Пенза на горе возвышается гордо над смиренною Сурой. Сия речка, только при устье своем достойная названия реки, в одно только время года, и то самое короткое, бывает судоходна; она робко и медленно приближается к спесивой Пензе и, не смея коснуться подошвы её, в двух или трех верстах от неё протекает[4]. Губерния Пензенская сжата на малом пространстве и тесно заселена помещичьими деревнями. В противоположность Саратовского разнообразия, в ней всё единообразно, везде равно прекрасные виды, равно прекрасная почва земли, везде изобилие плодов земных и везде недостаток в средствах к их сбыту. Между дворянами везде почти одинаковая невежественно-олигархическая спесь, в простом народе встречаешь почти одинаковую холопью дерзость или низость.
Одним словом, сии две губернии можно сравнить с богатым купцом и довольно зажиточным дворянином. Но как русское дворянство (ныне столь многочисленное) прежде и более других сословий восприяло европейское образование и с преимуществом происхождения или заслуг соединяет преимущества воспитания, то купечество весьма естественно оказывает ему невольное уважение. Взамен того, неимущему невозможно презирать деньгами, и сие восстановляет равновесие как между обоими сословиями, так и между обеими губерниями.
Поселившись в Саратове, отец мой охотно посещал Пензу: там находил он начала, некоторые признаки общежития. В особенности же свел он там дружбу с воеводою, Андреем Алексеевичем Всеволожским, отличавшимся некоторою образованностью, кротким нравом и приятными обхождением.
Некогда слобода, а со времен царствования Алексея Михайловича провинциальный город, Пенза состояла тогда из десятка не весьма больших деревянных господских хором и нескольких сотен обывательских домиков, из коих многие были крыты соломою и имели плетневые заборы.

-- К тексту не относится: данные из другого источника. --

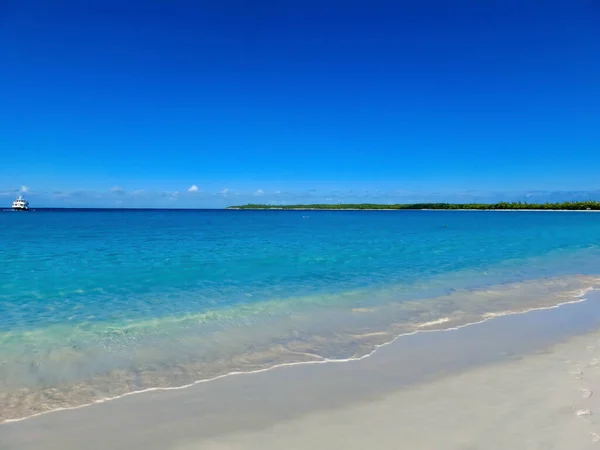 Bahamalar 'daki Half Moon Cay Adası' ndaki kumsal manzarası.. — Stok fotoğraf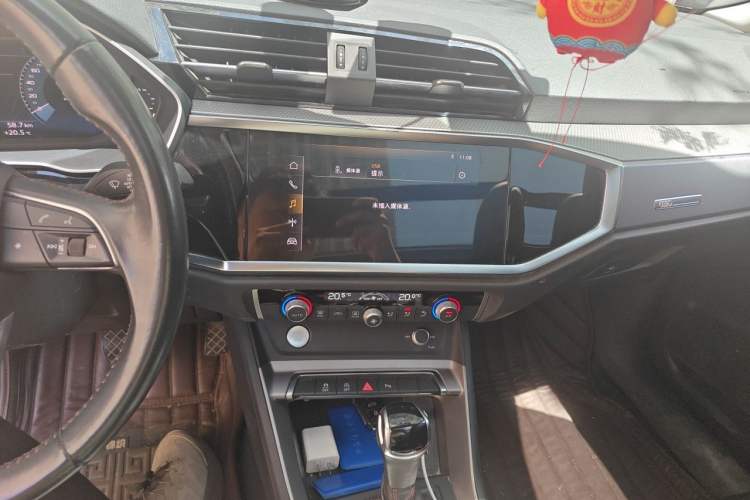 Used Audi Q3 2020 35 TFSI Fashionable and Elegant Model Audio And AC Panel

Соборная каменная церковь, которая величиною едва ли превосходила многие сельские храмы, с тех пор построенные, и несколько каменных и деревянных небольших приходских церквей, служили единственным ей украшением. Чтобы судить о неприхотливости тогдашнего образа жизни пензенских дворян, надобно знать, что ни у одного из них не было фаянсовой посуды, у всех подавали глиняную, муравленую (зато человек хотя несколько достаточный не садился за стол без двадцати-четырех блюд, похлебок, студеней, взваров, пирожных). У одного только Михаила Ильича Мартынова, владельца тысячи душ, более других гостеприимного и роскошного, было с полдюжины серебряных ложек; их клали пред почетными гостями, а другие должны были довольствоваться оловянными. Многочисленная дворня, псарня и конюшня поглощали тогда все доходы с господских имений.

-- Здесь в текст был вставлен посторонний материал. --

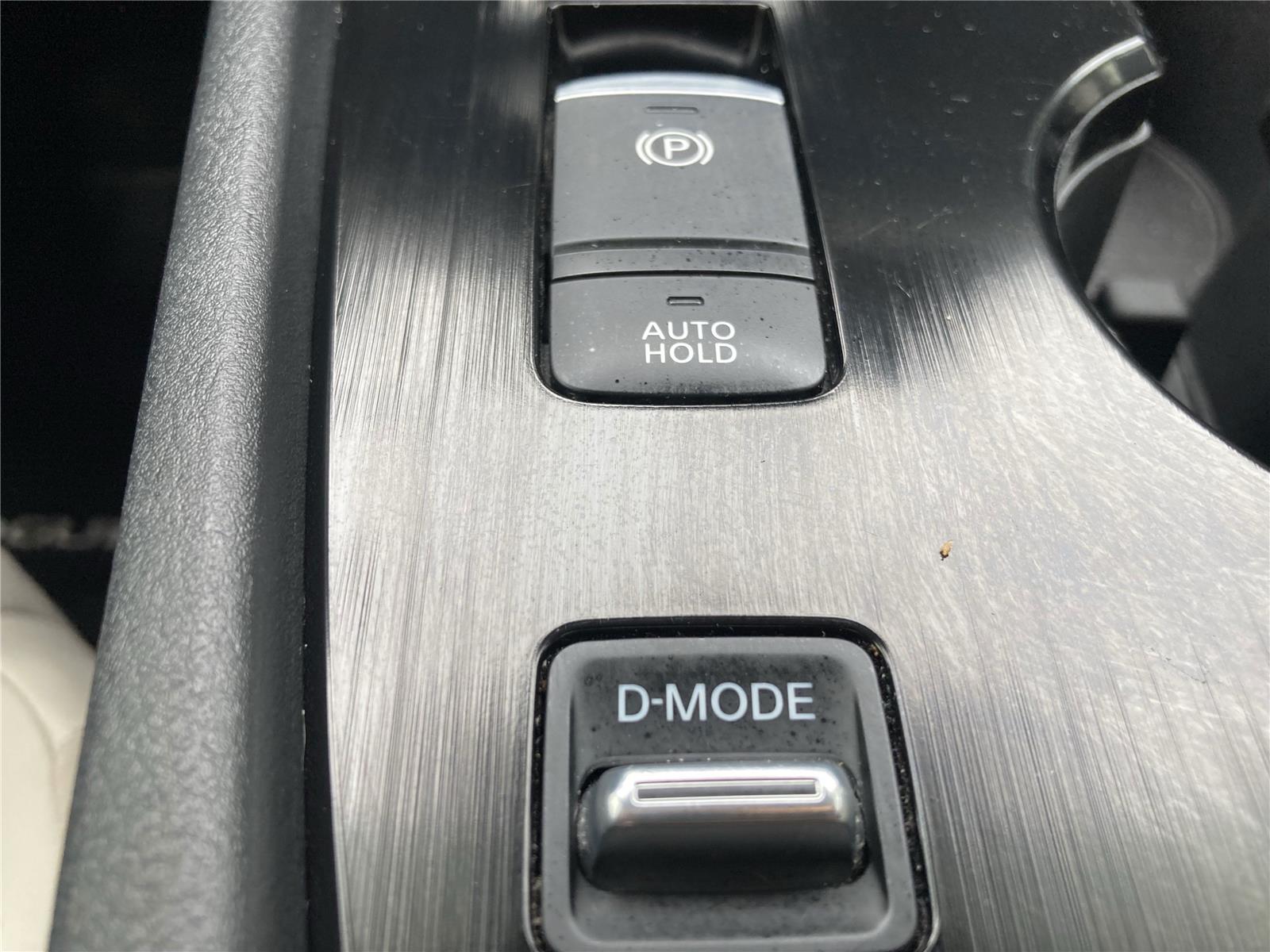 2021 Nissan Rogue SV photo 16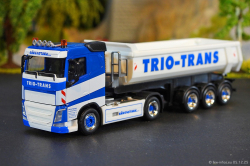 20251205-Trio-Trans-01274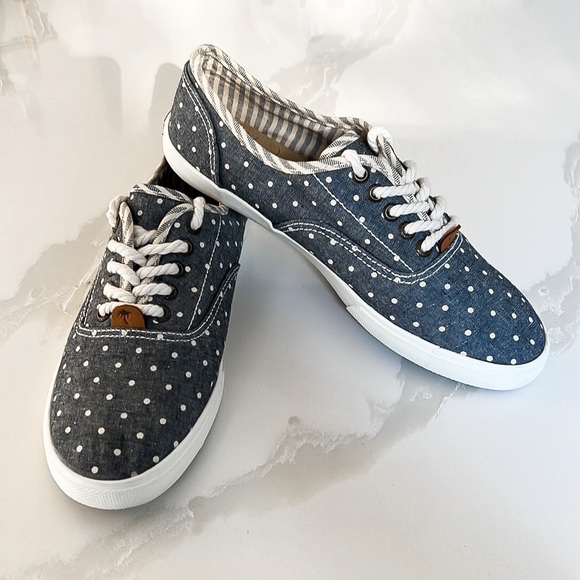 Margaritaville Shoes - Margaritaville Blue and White Denim Polka Dot Lace Up Sneakers Sz 11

Двадцать лет спустя, когда, при учреждении губерний, Пенза возвышена была на степень губернского города, в ней всё переменилось. Правильные улицы, и из них иные мощеные, украсились каменными двух и трех-этажными домами и каменными лавками, а в них показались товары, кои прежде, хотя с трудом, можно было только выписывать из Москвы; явилась некоторая опрятность, некоторая бережливость, некоторый вкус — необходимые спутники просвещения. Перемена во всей России шла гораздо быстрее, чем при Петре Великом, и без пыток, без насилий. Гений и улыбка Екатерины творили сии чудеса. Железная трость Петра Великого, переходя из рук в руки, обратилась в магический жезл, как скоро коснулась её сия могущественная очаровательница. Сия новая Цирцея хотела и умела скотов обращать в людей.
Что касается до Пензы, то пусть позволят мне часть успехов приписать присутствию в ней моего отца, уважению, которое он в ней приобрел, деятельности его и его советам, которых к счастью слушались.
Верстах в тринадцати от Пензы, по Саратовской дороге, находится небольшое поместье Симбухино, носящее фамильное имя своих прежних владельцев. Последний из них, отставной кирасирский майор, Андрей Петрович Симбухин не имел никого близких родных и был женат на немке; умирая, отказал он ей с малолетнею дочерью помянутое имение.
Неудивительно, что вдове г. Симбухина, живущей, так сказать на чужой стороне, полюбился молодой, красивый и всеми уважаемый земляк. Едва её дочь достигла шестнадцатилетнего возраста, как сама она предложила ее моему отцу. Нетрудно было ему согласиться вступить в брак с такою молоденькой девочкой, с некоторым состоянием, которой мог он надеяться быть не только супругом, но и образователем. Сей брак был счастлив, но в сем мире счастье бывает редко продолжительно: едва прошел год после замужества Пелагеи Андреевны (так звали первую жену отца моего), как она родила сына Андрея и через неделю спустя вместе с ним пошла в гроб. Но, как бы предчувствуя раннюю кончину свою, она еще во время беременности, по совету матери своей, укрепила поместье свое за отцом моим. Сие поместье еще и поныне находится во владении нашего семейства.